Thompson Rivers students want budget published

Student union says “it doesn’t make sense”

TRU photo by tuchodi on Flickr

Students at Thompson Rivers University are joining their peers at schools like the University of Prince Edward Island in demanding that their student union’s budget be published online.

It would seem like a given that students who are forced to pay substantial fees—$150 per year at TRU—would have easy access to the projected spending of their money. Indeed, they do at some schools like the University of British Columbia and the University of Alberta.
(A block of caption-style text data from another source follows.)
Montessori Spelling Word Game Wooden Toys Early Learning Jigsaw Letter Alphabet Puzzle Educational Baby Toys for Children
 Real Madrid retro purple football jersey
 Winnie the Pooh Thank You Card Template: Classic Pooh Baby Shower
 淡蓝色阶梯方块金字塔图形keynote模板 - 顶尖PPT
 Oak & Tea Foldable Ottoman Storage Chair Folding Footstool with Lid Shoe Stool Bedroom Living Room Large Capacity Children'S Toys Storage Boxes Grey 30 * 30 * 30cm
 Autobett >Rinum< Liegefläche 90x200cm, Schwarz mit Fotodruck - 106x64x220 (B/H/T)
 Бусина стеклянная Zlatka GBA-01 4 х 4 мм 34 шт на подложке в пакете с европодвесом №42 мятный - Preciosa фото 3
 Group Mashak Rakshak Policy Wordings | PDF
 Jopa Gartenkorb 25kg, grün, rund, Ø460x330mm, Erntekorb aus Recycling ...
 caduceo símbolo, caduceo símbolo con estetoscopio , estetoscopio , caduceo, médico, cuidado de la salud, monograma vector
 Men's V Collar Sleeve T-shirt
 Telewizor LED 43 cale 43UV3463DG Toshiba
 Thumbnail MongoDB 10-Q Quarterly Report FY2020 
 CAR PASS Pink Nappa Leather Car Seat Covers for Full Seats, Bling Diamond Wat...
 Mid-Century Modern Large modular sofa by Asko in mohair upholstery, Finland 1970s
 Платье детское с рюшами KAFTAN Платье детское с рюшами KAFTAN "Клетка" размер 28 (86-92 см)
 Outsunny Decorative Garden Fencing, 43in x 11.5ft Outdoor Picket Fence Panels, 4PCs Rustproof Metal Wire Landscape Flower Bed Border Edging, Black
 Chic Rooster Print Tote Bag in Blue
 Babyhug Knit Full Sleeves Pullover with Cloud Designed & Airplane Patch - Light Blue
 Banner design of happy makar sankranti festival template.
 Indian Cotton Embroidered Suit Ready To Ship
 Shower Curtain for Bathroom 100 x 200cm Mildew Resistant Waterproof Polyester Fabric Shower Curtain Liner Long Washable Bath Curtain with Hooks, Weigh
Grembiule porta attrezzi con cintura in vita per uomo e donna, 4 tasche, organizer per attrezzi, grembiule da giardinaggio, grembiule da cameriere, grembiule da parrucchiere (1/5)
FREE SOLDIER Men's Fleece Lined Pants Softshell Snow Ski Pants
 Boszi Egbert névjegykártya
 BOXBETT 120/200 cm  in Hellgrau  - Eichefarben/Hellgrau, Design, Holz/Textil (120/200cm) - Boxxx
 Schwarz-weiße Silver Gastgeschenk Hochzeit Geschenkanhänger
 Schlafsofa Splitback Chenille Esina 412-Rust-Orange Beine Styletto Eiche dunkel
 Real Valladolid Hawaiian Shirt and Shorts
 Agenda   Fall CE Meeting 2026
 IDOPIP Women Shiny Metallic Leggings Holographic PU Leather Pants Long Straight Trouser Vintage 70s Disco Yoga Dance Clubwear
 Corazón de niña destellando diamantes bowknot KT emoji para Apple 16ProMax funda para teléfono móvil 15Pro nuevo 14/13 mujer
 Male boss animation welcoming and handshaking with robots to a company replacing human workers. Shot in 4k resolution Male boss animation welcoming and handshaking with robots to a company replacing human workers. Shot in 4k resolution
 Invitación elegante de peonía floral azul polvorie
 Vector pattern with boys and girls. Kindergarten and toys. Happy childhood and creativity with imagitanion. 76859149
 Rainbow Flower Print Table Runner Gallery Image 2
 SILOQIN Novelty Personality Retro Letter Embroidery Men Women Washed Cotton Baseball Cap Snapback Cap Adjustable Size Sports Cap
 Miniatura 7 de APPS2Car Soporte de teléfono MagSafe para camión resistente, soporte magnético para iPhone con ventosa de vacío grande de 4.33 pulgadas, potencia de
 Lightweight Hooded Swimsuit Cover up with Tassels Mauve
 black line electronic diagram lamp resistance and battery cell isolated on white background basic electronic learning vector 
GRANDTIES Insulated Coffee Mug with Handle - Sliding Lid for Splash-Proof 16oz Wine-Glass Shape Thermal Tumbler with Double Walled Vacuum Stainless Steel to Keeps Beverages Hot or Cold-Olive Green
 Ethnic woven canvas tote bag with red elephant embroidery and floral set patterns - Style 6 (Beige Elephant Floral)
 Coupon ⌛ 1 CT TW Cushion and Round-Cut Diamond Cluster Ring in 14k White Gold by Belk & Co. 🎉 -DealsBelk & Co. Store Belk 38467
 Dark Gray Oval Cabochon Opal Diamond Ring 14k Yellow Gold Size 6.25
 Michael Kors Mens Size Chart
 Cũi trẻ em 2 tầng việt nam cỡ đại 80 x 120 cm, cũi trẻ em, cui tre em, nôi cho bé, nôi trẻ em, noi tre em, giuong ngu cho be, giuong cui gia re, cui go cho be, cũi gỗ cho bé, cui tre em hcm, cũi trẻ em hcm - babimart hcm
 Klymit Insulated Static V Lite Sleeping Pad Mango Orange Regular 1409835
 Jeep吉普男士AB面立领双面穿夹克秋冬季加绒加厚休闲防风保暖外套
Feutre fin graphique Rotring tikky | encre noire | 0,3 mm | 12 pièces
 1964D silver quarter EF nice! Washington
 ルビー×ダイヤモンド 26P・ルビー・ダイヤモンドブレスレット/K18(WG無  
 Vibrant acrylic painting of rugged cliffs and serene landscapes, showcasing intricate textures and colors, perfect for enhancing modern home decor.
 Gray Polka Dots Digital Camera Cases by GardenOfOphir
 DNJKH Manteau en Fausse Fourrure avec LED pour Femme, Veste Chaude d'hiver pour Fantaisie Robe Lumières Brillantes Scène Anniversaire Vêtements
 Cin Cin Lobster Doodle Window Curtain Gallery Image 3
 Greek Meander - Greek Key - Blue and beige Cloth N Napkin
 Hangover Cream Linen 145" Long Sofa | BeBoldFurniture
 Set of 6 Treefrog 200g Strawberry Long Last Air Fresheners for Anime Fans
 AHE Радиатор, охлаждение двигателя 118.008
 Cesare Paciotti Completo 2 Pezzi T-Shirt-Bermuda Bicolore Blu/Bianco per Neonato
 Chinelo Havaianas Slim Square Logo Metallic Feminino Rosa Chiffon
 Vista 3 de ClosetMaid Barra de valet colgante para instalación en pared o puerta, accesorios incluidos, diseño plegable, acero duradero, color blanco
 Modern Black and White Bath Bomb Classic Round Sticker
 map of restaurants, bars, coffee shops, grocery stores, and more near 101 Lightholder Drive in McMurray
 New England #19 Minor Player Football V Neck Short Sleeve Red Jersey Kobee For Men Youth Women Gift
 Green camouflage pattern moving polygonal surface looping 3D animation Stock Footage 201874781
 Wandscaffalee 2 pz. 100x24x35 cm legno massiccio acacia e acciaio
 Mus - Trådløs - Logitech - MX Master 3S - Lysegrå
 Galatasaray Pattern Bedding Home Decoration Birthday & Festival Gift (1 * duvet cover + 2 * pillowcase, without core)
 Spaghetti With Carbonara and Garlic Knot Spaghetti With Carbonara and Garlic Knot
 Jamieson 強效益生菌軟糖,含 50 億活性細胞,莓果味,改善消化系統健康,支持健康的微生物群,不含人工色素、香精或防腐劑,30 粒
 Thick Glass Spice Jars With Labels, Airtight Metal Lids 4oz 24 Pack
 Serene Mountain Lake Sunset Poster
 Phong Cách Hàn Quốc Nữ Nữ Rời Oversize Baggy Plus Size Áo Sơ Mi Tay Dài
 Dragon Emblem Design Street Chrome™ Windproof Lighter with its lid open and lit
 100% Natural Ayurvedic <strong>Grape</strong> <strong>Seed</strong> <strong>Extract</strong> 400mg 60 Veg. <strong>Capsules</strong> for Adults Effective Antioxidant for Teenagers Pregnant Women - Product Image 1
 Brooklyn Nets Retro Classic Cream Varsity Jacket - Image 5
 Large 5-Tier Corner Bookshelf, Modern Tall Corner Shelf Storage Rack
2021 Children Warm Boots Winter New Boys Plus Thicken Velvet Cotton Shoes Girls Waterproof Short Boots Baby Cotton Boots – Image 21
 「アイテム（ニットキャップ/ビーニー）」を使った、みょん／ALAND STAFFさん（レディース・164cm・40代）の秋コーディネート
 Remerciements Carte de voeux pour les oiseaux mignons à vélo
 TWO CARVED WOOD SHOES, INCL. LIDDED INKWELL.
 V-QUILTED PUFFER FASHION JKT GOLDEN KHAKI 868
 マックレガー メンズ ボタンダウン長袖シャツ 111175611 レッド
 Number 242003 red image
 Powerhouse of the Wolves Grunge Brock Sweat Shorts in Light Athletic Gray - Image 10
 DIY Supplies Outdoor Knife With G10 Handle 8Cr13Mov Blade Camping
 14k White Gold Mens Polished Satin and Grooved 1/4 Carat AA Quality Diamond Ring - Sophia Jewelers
But many student unions like TRU’s have bylaws that only require executives to share their budgets at annual general meetings or when students make appointments to sit down with executives to go over the numbers.

Either way, budgets are nearly impossible to peruse without investing a lot of time and energy.

Still, Nathan Lane, executive director of TRU’s student union, told the Omega student newspaper that “it doesn’t make much sense for us as a membership to publicly produce our documents.”

Lane said that they don’t want a “lot of drafts out there” and that students need the “context” he says is provided to them when viewing it with a student politician sitting across the table.

Those are familiar arguments. When students circulated a Facebook post asking the University of Prince Edward Island’s Student Union for more access to their budget, president Rob Livingstone told us that “the fluid nature of the document” and “privacy” reasons meant it couldn’t be made public. “We did not wish to force full-time non-student staff to disclose their salaries,” he elaborated.

Full-time student union staff salaries caused much debate at the Simon Fraser Student’s Society last year. In July, the SFSS locked out its Canadian Union of Public Employees local because they said that high wages were making it difficult to afford anything else.  At SFU, the average wage among 12 full-time staff was $30.48 per hour, which costs students about $700,000 per year.

Under a new contract signed in October, new full-time employees will start at $25 per hour, but if some full-time employees leave, they can be replaced with student workers making $14.50.

If students at Thompson Rivers want to compare that to how much they’re spending on employees they’ll need to make an appointment—or attend the Annual General Meeting on Jan. 25.